Poor Hal Jordan. Every time he thinks he's free of another big crossover event (either between "Green Lantern" and its associated titles, or with the entire DC Universe line) he turns around and gets pulled into a new one. This time it's "War of the Green Lanterns," which is confined to just "Green Lantern" and its two sister titles.

Fortunately, after getting a "Green Lantern" comic that's been a bit adrift since the conclusion of "Blackest Night," it's starting to feel like there's energy in the title again. Sure, part of the comic is setup for the rest of the story, but unlike past issues it's a bit more peppy and intriguing. The rainbow Lanterns team going up against the Book of the Black is surprisingly entertaining, and Krona's attack on Oa? Well, I suspect a lot of readers will be quietly cheering Krona on. He might be the bad guy, but it's rather entertaining to watch the snide Guardians get taken down.

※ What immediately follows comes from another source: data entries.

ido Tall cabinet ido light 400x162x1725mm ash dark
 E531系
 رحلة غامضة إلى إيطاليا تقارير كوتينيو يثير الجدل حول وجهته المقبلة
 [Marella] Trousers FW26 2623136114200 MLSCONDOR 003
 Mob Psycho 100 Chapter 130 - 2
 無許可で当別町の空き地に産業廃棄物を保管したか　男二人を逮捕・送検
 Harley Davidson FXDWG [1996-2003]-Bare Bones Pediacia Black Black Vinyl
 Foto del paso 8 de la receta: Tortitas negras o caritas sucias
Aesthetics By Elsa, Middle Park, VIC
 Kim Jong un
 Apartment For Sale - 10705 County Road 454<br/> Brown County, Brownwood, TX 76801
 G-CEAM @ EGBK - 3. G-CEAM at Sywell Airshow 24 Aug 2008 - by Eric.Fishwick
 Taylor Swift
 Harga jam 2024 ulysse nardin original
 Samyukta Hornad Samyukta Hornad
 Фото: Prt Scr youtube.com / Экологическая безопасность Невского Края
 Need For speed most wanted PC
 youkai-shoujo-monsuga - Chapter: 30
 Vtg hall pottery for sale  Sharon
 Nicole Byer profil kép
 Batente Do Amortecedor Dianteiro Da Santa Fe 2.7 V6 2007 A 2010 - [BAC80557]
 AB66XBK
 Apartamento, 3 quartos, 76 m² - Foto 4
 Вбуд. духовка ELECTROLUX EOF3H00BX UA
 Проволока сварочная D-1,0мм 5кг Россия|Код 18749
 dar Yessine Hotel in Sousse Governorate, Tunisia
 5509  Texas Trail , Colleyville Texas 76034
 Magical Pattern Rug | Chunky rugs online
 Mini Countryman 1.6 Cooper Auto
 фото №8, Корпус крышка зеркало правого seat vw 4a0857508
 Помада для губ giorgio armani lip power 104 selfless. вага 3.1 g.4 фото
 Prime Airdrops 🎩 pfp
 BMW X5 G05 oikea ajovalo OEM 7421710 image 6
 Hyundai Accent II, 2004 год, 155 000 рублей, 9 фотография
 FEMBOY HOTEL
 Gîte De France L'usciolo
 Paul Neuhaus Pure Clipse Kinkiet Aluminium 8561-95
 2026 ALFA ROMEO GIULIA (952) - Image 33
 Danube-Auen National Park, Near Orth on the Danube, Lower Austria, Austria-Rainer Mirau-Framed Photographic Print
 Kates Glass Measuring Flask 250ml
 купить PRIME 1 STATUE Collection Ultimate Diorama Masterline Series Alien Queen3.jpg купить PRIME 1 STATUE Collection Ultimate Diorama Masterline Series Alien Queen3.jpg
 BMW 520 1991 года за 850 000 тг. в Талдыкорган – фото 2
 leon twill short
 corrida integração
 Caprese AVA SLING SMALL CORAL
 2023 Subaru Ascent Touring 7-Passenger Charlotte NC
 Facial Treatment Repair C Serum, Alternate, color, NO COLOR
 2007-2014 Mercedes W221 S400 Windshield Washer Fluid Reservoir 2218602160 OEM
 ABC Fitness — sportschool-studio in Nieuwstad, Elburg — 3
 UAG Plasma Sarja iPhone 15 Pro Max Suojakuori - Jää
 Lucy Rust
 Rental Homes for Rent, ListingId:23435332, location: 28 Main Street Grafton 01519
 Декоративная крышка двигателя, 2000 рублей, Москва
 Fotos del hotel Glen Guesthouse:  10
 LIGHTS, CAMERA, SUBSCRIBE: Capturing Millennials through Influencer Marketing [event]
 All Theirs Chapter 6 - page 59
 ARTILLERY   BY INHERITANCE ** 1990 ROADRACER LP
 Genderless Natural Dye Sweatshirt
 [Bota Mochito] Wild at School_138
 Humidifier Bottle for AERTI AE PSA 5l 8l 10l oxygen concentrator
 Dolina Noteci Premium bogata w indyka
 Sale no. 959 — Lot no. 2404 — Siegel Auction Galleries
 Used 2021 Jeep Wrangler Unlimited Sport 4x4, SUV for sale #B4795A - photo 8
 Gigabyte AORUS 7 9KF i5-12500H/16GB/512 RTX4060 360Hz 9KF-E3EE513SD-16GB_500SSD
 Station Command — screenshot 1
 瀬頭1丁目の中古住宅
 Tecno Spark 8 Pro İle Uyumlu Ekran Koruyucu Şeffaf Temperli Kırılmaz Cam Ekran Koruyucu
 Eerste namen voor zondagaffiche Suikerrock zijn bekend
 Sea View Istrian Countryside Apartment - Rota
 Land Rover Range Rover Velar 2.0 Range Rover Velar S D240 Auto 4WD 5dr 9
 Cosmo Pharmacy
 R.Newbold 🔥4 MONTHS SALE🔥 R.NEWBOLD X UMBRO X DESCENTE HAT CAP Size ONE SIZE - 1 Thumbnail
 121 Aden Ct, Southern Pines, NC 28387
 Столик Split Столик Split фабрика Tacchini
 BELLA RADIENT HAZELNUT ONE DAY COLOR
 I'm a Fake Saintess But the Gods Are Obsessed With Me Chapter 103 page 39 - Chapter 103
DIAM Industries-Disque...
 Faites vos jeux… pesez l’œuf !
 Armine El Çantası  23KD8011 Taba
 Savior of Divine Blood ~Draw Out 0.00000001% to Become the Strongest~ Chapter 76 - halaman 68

The best part of the issue, though, falls into the hands of Doug Mahnke and his four-man inking squad. After all, when you can make an oversized book look creepy, you know you're doing something right. It's the assault on Oa that is especially memorable, though; the mass of emotional spectrum entities looks wonderful and dramatic, and the aftermath of the attack is one of Mahnke's creepier illustrations to date on "Green Lantern." It's simultaneously alien in appearance, and yet instantly recognizable in what's happened to the characters.

The one downside to this first chapter of "War of the Green Lanterns" is the strong insinuation that we're heading towards a partial reset of the property. Hal Jordan sans Guardians and a yellow impurity might not be the end result of this story, but even the hint that it's heading that way is disappointing. The past couple of years of "Green Lantern" have explored new ground, characters, and concepts; hopefully this is just a tease from Johns and he's not able to revert the title to a much older status quo. For now, though, it's a strong enough chapter on its own that I'll stick around to see just what Johns and company really have in store for us.